Provided material:
((
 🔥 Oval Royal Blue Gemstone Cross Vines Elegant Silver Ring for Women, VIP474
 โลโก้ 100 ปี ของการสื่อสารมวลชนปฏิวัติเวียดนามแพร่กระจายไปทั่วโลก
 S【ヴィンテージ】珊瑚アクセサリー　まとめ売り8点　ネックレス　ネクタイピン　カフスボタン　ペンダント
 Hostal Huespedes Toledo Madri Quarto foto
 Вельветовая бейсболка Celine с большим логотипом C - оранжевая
))
((
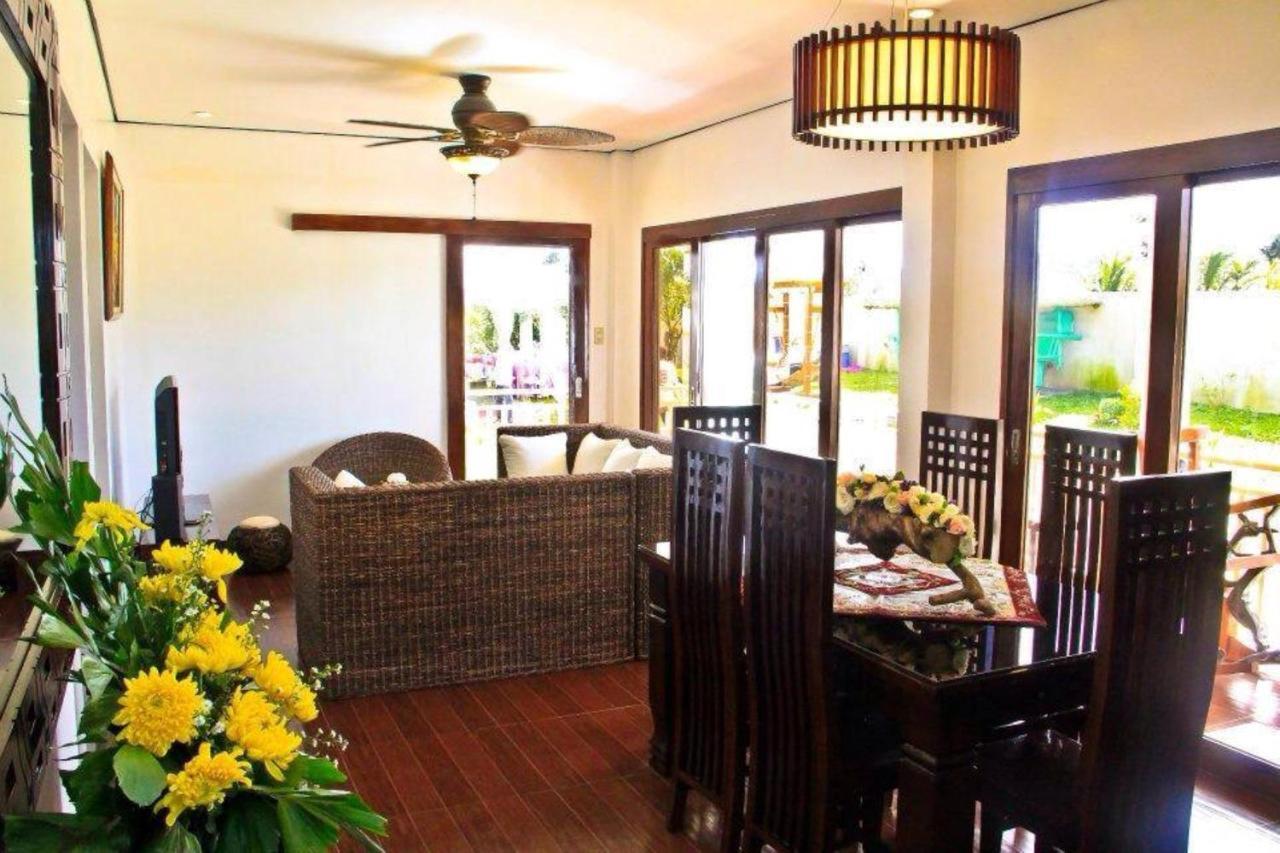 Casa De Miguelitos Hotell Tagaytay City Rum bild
))
Task description:
In the data above, find the line that contains "for Women, VIP474" and the line that contains "Вельветовая бейсболка Celine". Repeat exactly those lines and every line between them, and only those.

Answer for this exercise:
 🔥 Oval Royal Blue Gemstone Cross Vines Elegant Silver Ring for Women, VIP474
 โลโก้ 100 ปี ของการสื่อสารมวลชนปฏิวัติเวียดนามแพร่กระจายไปทั่วโลก
 S【ヴィンテージ】珊瑚アクセサリー　まとめ売り8点　ネックレス　ネクタイピン　カフスボタン　ペンダント
 Hostal Huespedes Toledo Madri Quarto foto
 Вельветовая бейсболка Celine с большим логотипом C - оранжевая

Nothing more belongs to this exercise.